There is already comparatively low leakage in the region compared to other parts but given the water stress, it’ll be needed to offset the impacts on demand from future growth. A key enabler will be more smart metering and all households being moved onto metered tariffs. Innovative tariff structures are being tested too, whereby people pay more and more per litre of water the more they use..

Other solutions will include water transfers within the region itself, four water re-use schemes and two major reservoirs – one near Chatteris in the Cambridgeshire Fens and another near Sleaford in south Lincolnshire. “These are at the core of the plan” says Johns. “They’ll provide a significant amount of water by the mid to late 2030s.”

Added to this are some desalination plants proposed to come on stream to deal with pressure from the 2040s. By then they should be able to take advantage of technological advances in that field to reduce their environmental footprint.

Beyond public water supply

Johns says central to the thinking for all these larger solutions is how they can deliver benefits beyond just public water supply, and relieve pressure on other sectors.

Agriculture is the big case-in-point here. A significant proportion of the region’s agriculture is irrigated, using 190 ml/d. Public water supply is almost ten times as much, but demand for irrigation is projected to increase much more quickly in the changing climate.

I note that despite these serious pressures, when drought hit in summer 2022 and farmers and the natural environment in the region took something of a beating there were no hosepipe bans put in place by companies like Anglian Water. I ask whether they might have helped ease the pressure.

Johns says that because the region is dry, water companies there have invested a lot already in resilience measures. Added to that, groundwater – which provides a large amount of water regionally – is naturally resilient to the kind of short, sharp conditions seen in ’22. “It’s only when you get severe and long periods of drought that you’ll need temporary use bans or more severe restrictions in the east of England” he says.

He explains the reason why agriculture and the environment did suffer particularly is because farmers rely on direct abstraction. WRE is now working directly with the agricultural sector to develop water resources plans and drought plans to be able to manage water needs better.

“The principles are the same as those used by the water industry. While the infrastructure and scale is different there’s a lot that can transfer across” Johns tells me. He says at the moment individual farmers are relying on their own abstraction licenses and part of the answer lies in them sharing, pooling and trading licenses according to their needs from year to year. That needs more strategic planning.

Collaboration

It’s early days in progressing all this despite quite a lot of discussion but Johns points to examples like the Lower Nene Partnership where the water company and local farmers have been sharing water when needed for several years. And he says elsewhere a group of farms have created a company with shared water licences and common infrastructure, allowing them to divide up and pay for the water they need in more of a cooperative approach.
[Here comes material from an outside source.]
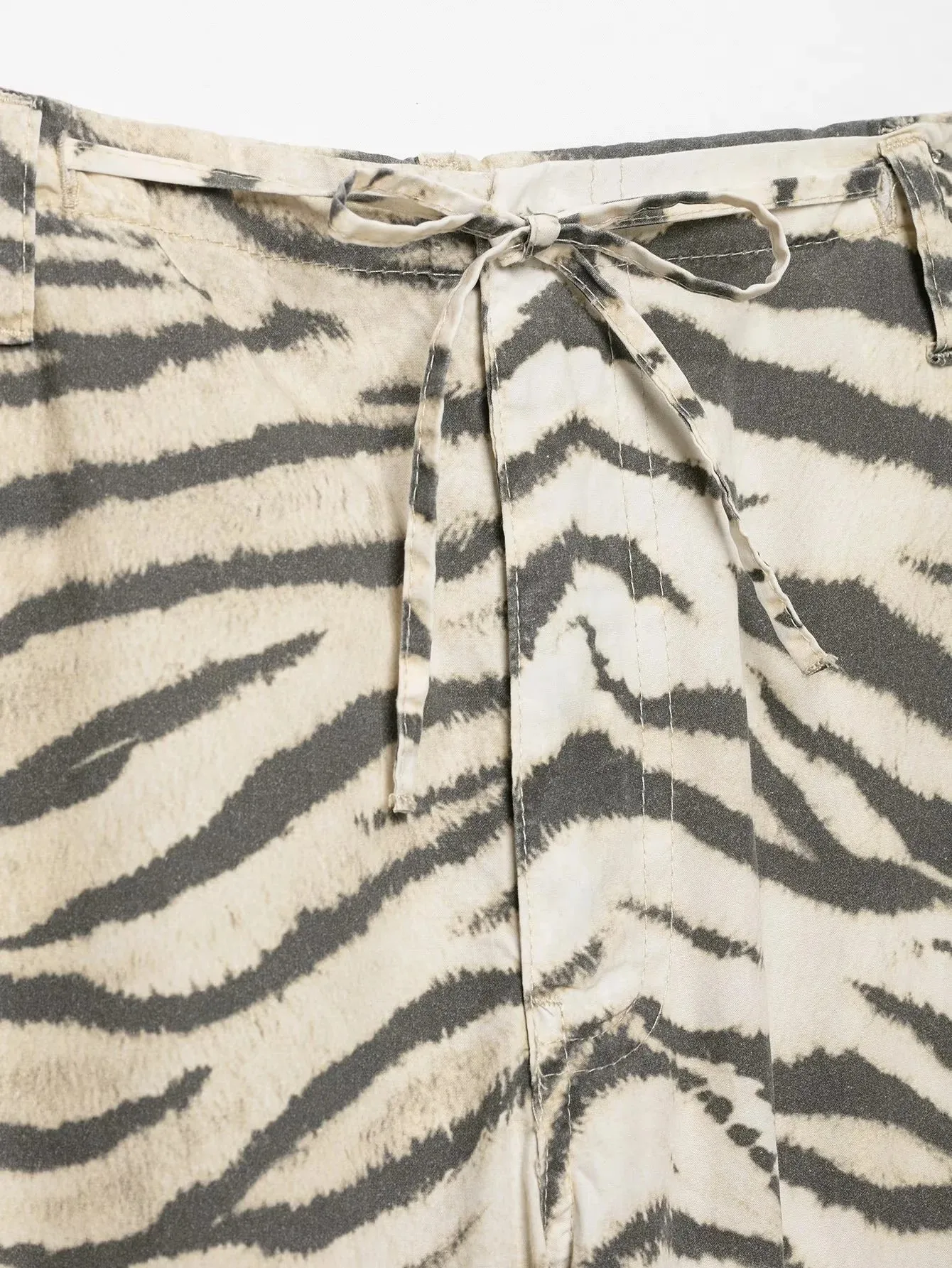 Women Chic Casual Animal Print Pants For Women High Waist Wide Leg Trousers Woman 2026 Spring Summer Fashion Tied Pant Trendy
Other approaches like the Norfolk Water Strategy programme is bringing together local authorities, the water company, abstractor groups and nature bodies to understand how nature-based solutions can be deployed – and financed – at a landscape-scale to reduce pressure on resources.

“Everyone has a role in enabling this” asserts Johns. The Environment Agency as the regulator of abstraction licences, the water companies, abstractor groups, councils, businesses, financial institutions.

Which brings us back to the start and WRE’s constitution. It has almost 200 member organisations each of whom can feed into WRE’s planning and decision-making. Crucially – whether they’re on the WRE Board or not – they have the same voting rights and influence.

It feels like a model that should breed properly collaborative and integrated, future-facing, landscape-scale water management.